Le Parti devrait revenir à des questions comme l’exploitation et penser des sujets comme Alstom autrement qu’en termes de solidarité : engager une analyse globale de la mondialisation, donc de l’impérialisme et des monopoles. Il verrait alors que l’Europe est à combattre, parce qu’elle s’oppose à la socialisation des moyens de production, indispensable pour résister aux monopoles et à l’émancipation des peuples. Le Parti devrait donc se réapproprier son héritage fondamental : Le Manifeste du Parti Communiste de Marx, Que faire ? De Lénine et L’Impérialisme, stade suprême du capitalisme. A cela j’ajouterai, qu’au sein du syndicat, le rôle du militant communiste, c’est de favoriser l’éveil de la conscience de classe, en revenant par exemple à Salaire, prix, profits de Marx.
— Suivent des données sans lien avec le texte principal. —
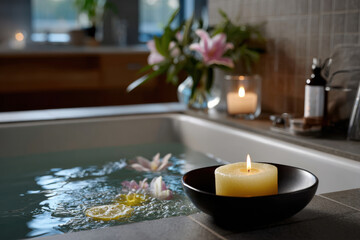 An elegant spa setting showcasing a tub with water lilies and herbs, a glowing candle, and lush plants that promote an inviting and peaceful ambiance for relaxation.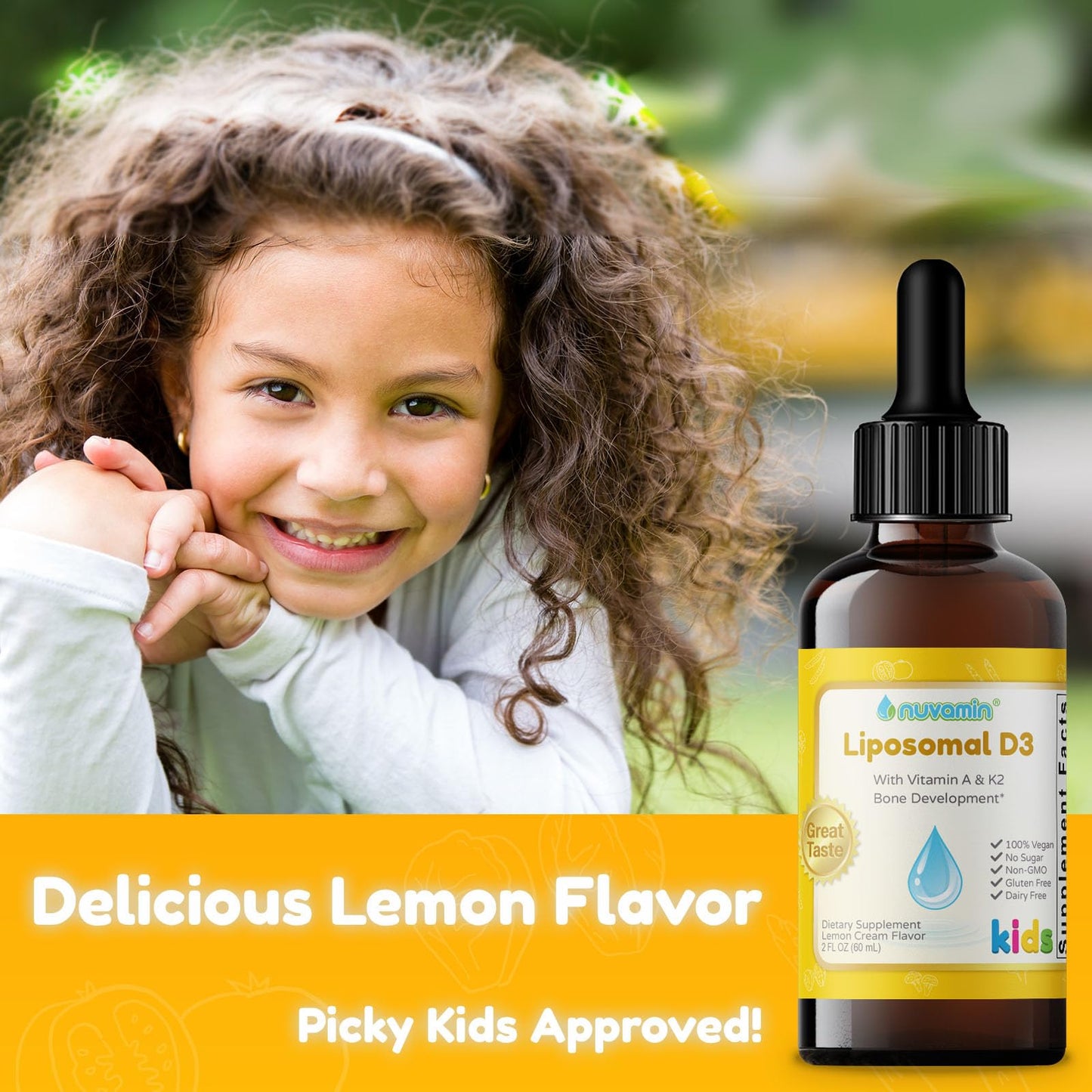 Nuvamin Liposomal Vitamin A & D3 Drops with K2 – Lemon Flavor | 800 IU/mL | 2 oz (60 ml) | For Babies, Toddlers, Kids & Adults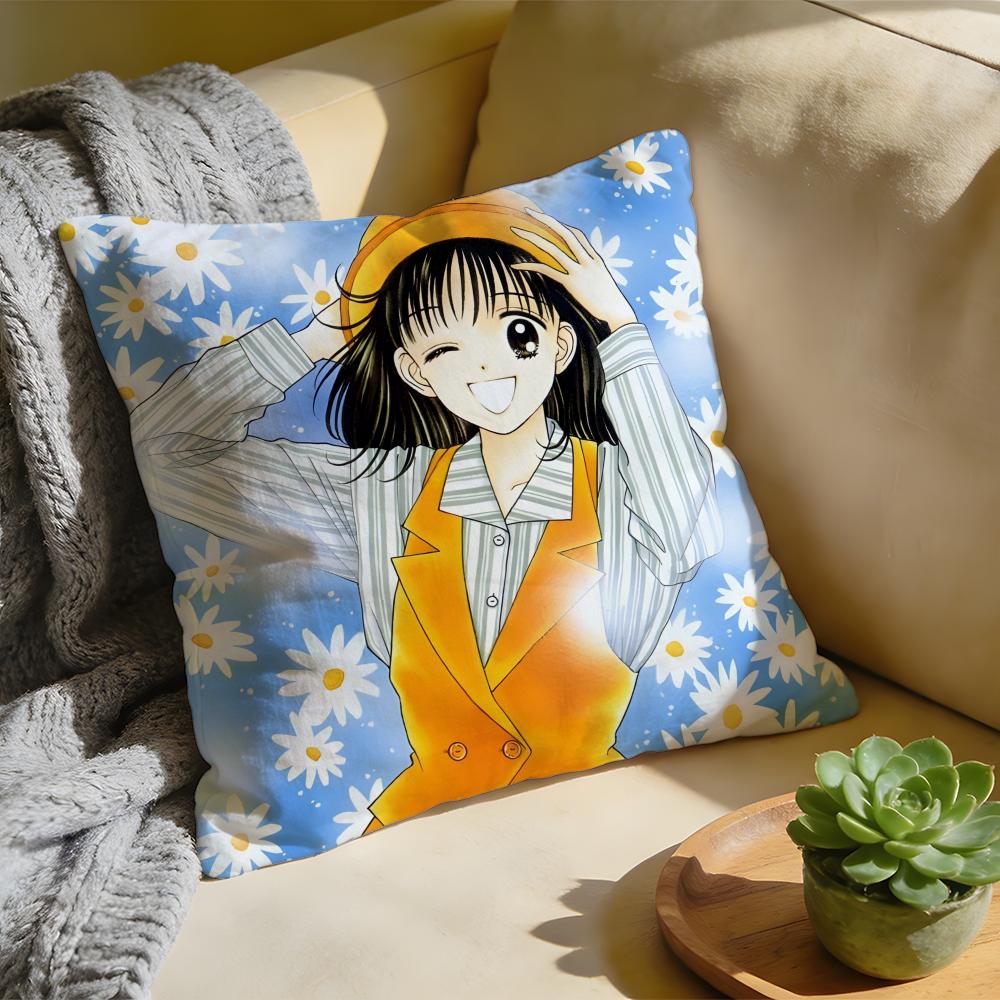 Kodomo No Omocha Anime Cushion Cover Washed Linen Soft Breathable Decorative Case For Sofa Home Pillow Cover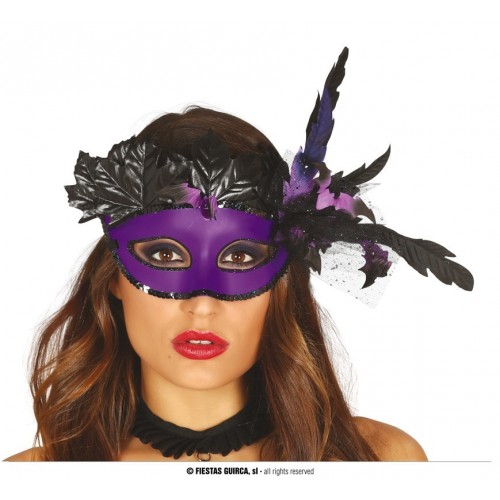 ANTIFAZ LILA CON PLUMAS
La lutte des Fralib n’aurait jamais eu lieu sans un syndicat de classe.

Y a-t-il, selon toi, des raisons d’espérer ?

Une raison d’espérer, c’est paradoxalement que la conscience de classe accompagne une détérioration des conditions d’existence : les jeunes ingénieurs, avec leurs salaires, ne peuvent plus accéder à la propriété de leur résidence principale et encore moins d’un pavillon, ce que ma génération pouvait espérer, avec seulement son salaire et sans apport. Les conditions de déplacement des jeunes d’Alstom qui partent à l’étranger sont devenues très difficiles, avec la remise en cause des indemnités d’éloignement : ils ne peuvent plus partir se constituer un capital pour revenir dans de meilleures conditions. Les augmentations récentes, entre 0% et 1%, ne laissent pas envisager un déroulement de carrière avantageux. Les jeunes ont plus de raison de développer une conscience de classe que des collègues quinquagénaires, possédant un pavillon et pouvant, même en étant dessinateur industriel voire ouvrier, offrir des études supérieures à leurs enfants.